Breast cancer is considered as one of the leading causes of cancer death in women and its prevention remains yet a challenge. Elements of RAS are expressed in both normal breast tissue and cancerous cells, signifying the essential role of RAS in breast cancer pathology. Sertraline, a widely used antidepressant, has shown anti-proliferative properties on a variety of malignancies.
This study aimed to investigate the effect of sertraline and its combination with agonists and antagonists of RAS (A779, Ang 1–7 and losartan) on viability of MCF-7 cells along with their effect on apoptosis and distribution of cell cycle. Our results indicated that sertraline, losartan and Ang 1–7 significantly decreased cell viability, induced apoptosis and cell cycle arrest. A779 blunted the effect of sertraline on cell viability, ROS generation and cell cycle arrest. Combination treatment of sertraline with losartan as well as Ang 1–7 caused a remarkable decline in cell viability.
In conclusion, results of the present study support the anti-cancer properties of sertraline, losartan and Ang 1–7 via induction of apoptosis and cell cycle arrest.

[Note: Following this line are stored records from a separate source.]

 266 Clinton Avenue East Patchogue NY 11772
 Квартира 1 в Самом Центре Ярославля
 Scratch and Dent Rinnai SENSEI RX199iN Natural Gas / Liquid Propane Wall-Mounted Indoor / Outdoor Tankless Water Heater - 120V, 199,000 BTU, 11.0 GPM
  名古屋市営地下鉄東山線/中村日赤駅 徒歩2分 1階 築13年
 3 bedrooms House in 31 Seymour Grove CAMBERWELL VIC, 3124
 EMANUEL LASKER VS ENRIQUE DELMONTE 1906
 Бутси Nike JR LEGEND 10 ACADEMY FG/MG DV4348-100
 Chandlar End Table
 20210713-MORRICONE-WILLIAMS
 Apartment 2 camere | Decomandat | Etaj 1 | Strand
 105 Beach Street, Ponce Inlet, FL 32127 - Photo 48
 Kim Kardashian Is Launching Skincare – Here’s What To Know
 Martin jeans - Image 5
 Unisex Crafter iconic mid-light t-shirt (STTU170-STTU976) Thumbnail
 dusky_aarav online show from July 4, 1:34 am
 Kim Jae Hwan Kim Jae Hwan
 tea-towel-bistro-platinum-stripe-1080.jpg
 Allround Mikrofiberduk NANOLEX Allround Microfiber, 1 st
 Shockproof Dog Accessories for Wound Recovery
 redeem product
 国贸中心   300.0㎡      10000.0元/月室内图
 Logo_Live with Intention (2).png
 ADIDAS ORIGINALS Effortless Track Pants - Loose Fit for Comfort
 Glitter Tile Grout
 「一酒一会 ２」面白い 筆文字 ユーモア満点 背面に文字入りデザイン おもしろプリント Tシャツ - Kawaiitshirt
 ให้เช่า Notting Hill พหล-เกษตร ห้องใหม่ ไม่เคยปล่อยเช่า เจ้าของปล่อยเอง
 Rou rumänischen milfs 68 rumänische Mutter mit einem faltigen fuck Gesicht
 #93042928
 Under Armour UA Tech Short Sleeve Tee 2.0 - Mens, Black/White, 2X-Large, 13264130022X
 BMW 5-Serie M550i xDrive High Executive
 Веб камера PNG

众所周知,肾素-血管紧张素系统(RAS)在维持心血管系统的生理功能方面发挥着重要作用。乳腺癌被认为是女性癌症死亡的主要原因之一,其预防仍然是一个挑战。正常乳腺组织和癌细胞中都有 RAS 的表达,这表明 RAS 在乳腺癌病理学中起着至关重要的作用。本研究旨在探讨舍曲林及其与 RAS 激动剂和拮抗剂(A779、Ang 1-7 和洛沙坦)联用对 MCF-7 细胞活力的影响,以及它们对细胞凋亡和细胞周期分布的影响。我们的研究结果表明,舍曲林、洛沙坦和 Ang 1-7 能显著降低细胞活力,诱导细胞凋亡和细胞周期停滞。A779能减弱舍曲林对细胞活力、ROS生成和细胞周期停滞的影响。总之,本研究的结果支持舍曲林、洛沙坦和 Ang 1-7 通过诱导细胞凋亡和细胞周期停滞的抗癌特性。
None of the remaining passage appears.